[WORK INSTRUCTION] Starting at the line with "Now you want", copy each line through the last one below exactly as written, without any pictures.

*** Block opens ***

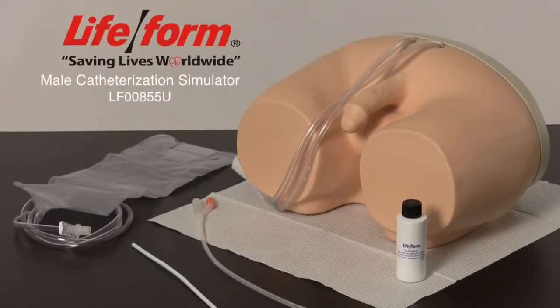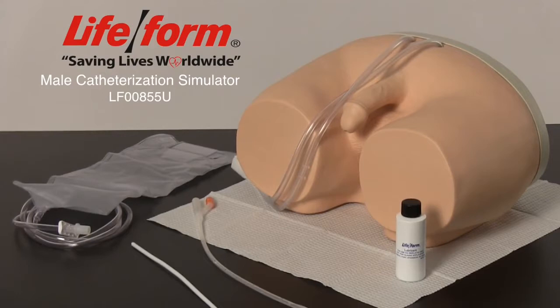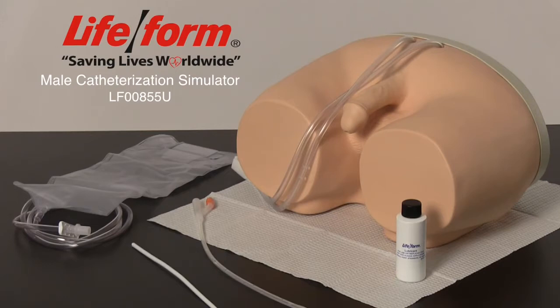The Lifeform Male Catheterization Simulator is designed to duplicate the human condition as close as plastics technology allows. This video will assist users in the function, care, and maintenance of the simulator.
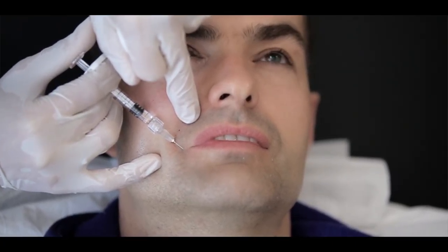For the corner of the mouth, we inject at 0.5 mm lateral to the corner of the mouth in the superior subcutaneous layer using a retrograde fan shape technique. Marionette lines can also be treated at the same time.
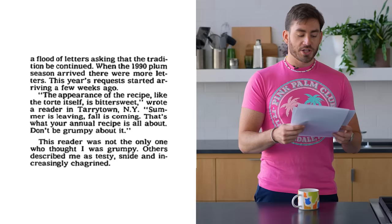The plum torte is a recipe that was published in 1983 and ran every single summer after that from 1983 to 1989. Then, in 1990, the editors of the time said, you know what? Enough is enough. We're going to run this one last time. People were outraged. A lot of people had some very colorful things to say. I have some real fun ones right here.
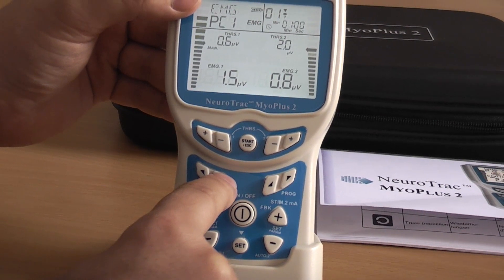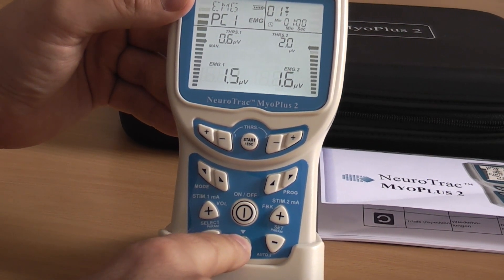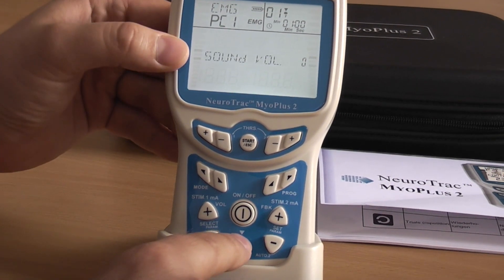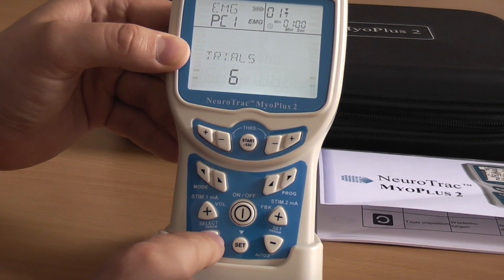Press Mode to go to EMG Custom. Here, press and hold Set, and here you can see all the available settings: work time, rest time, number of repetitions, and many more.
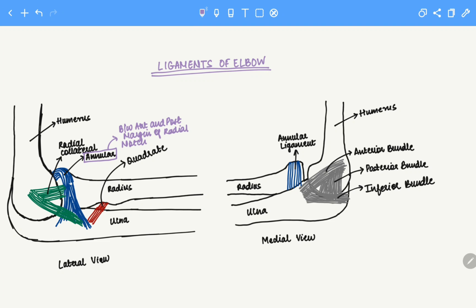Next we have the radial collateral ligament. The radial collateral ligament is a ligament that is between the humerus and the radius. It's between the lateral epicondyle on the humerus and it inserts mainly onto the annular ligament. But some fibers will also insert onto the supinator crest which is present on the radius.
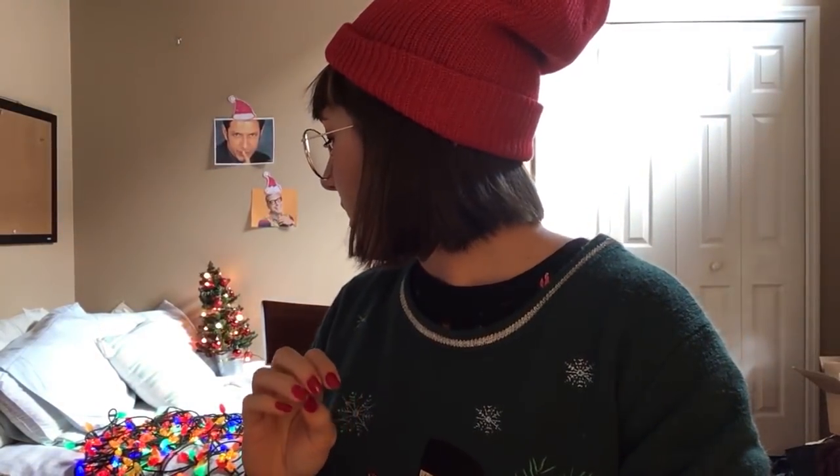I was going to be really festive and put Christmas lights up behind me where my gold blooms are, but unfortunately the command hook just ripped right off the wall. So we have some lights here, and I've put my Christmas tree all snugly in bed. Anyways, hello and welcome. Today I'm going to be playing around with some art supplies that I've tried recently and really enjoy.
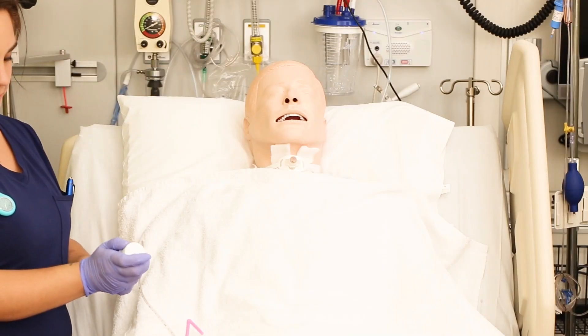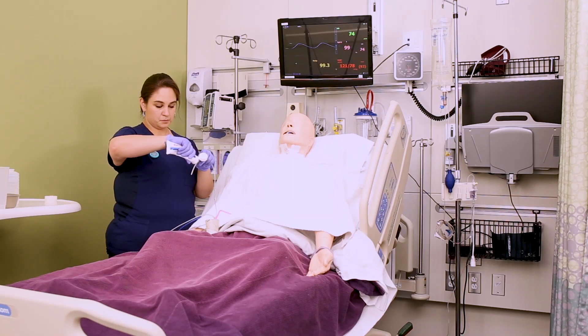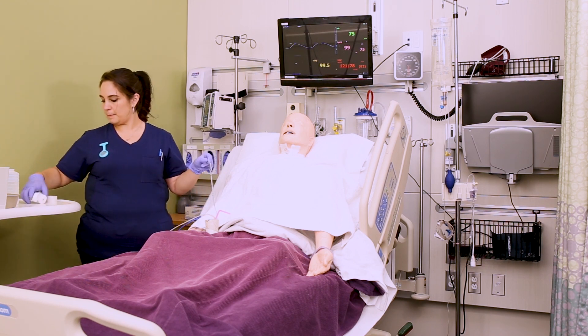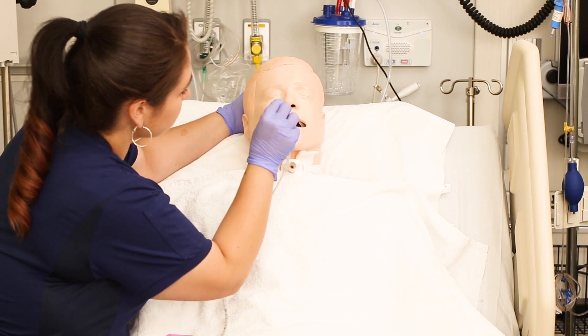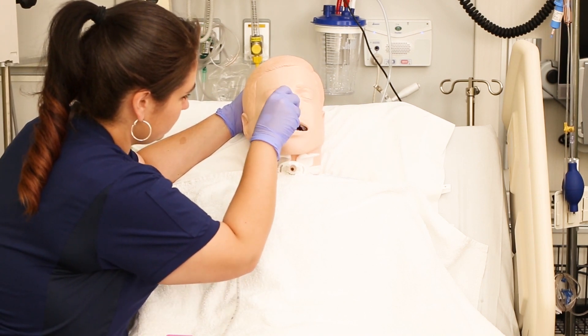Now you want to lubricate the end of the NG tube and then slowly begin inserting the tube. Let the patient know what's going on. Have them sit straight up and tilt their chin to their chest. You want to insert the tube straight back and down, not up.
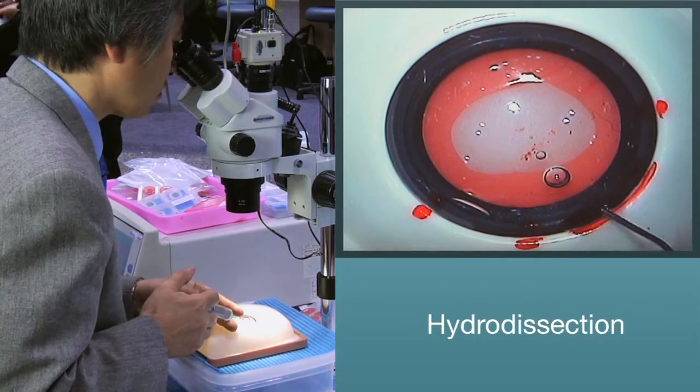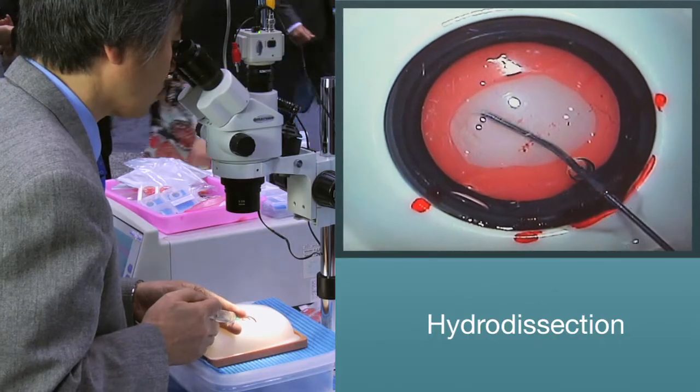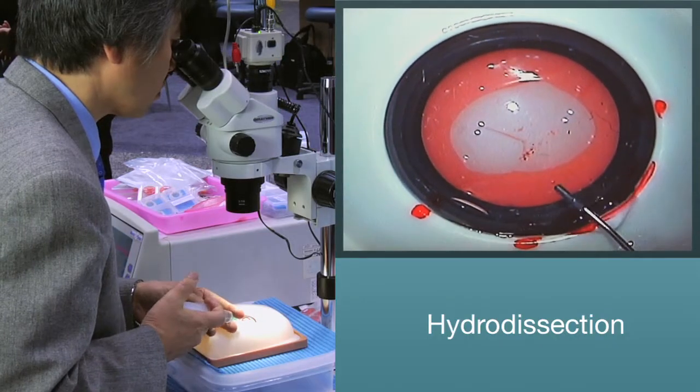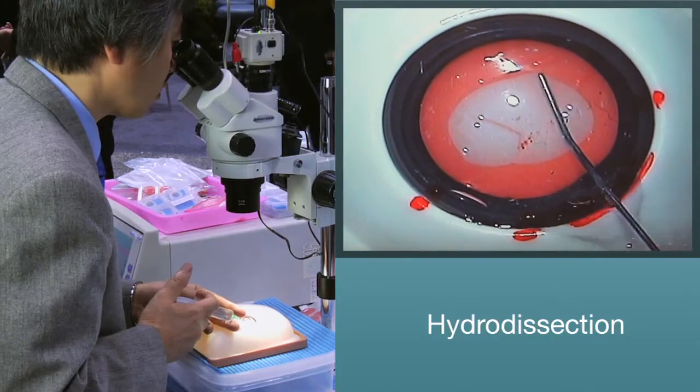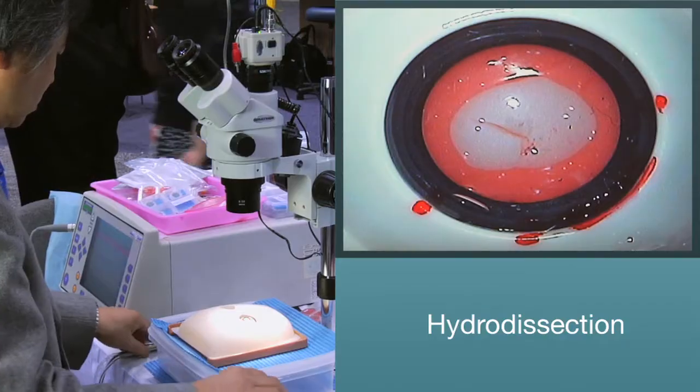After a successful capsulorhexis, you will then need to perform hydrodissection with the provided hydroneedle. To verify a successful hydrodissection, rotate the nucleus before moving on to phacoemulsification.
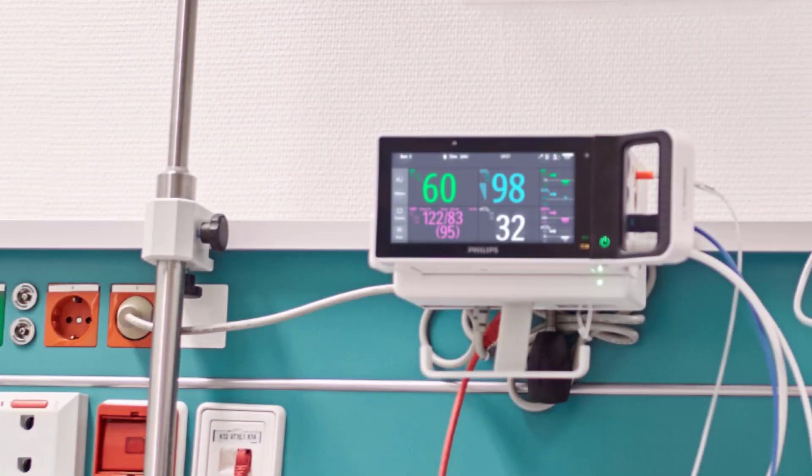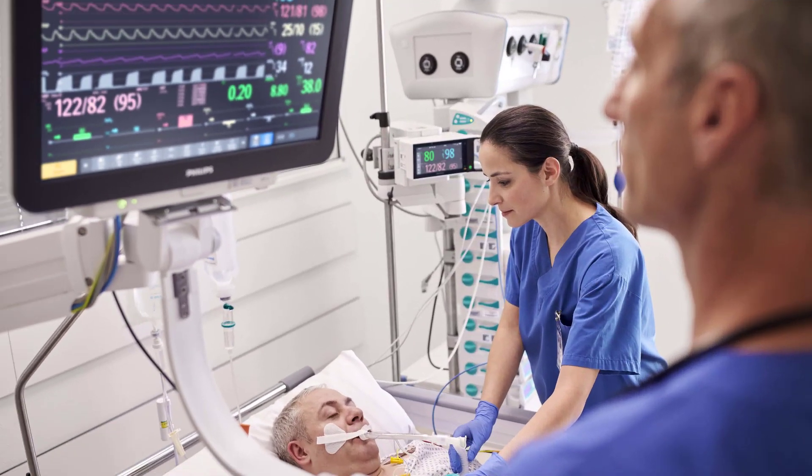The X3 can be used in two ways: as a standalone patient monitor, or as a multi-measurement module for the Intelliview family of patient monitors.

*** Block closes ***

[SOLUTION TO THE PROBLEM]
Now you want to lubricate the end of the NG tube and then slowly begin inserting the tube. Let the patient know what's going on. Have them sit straight up and tilt their chin to their chest. You want to insert the tube straight back and down, not up.
After a successful capsulorhexis, you will then need to perform hydrodissection with the provided hydroneedle. To verify a successful hydrodissection, rotate the nucleus before moving on to phacoemulsification.
The X3 can be used in two ways: as a standalone patient monitor, or as a multi-measurement module for the Intelliview family of patient monitors.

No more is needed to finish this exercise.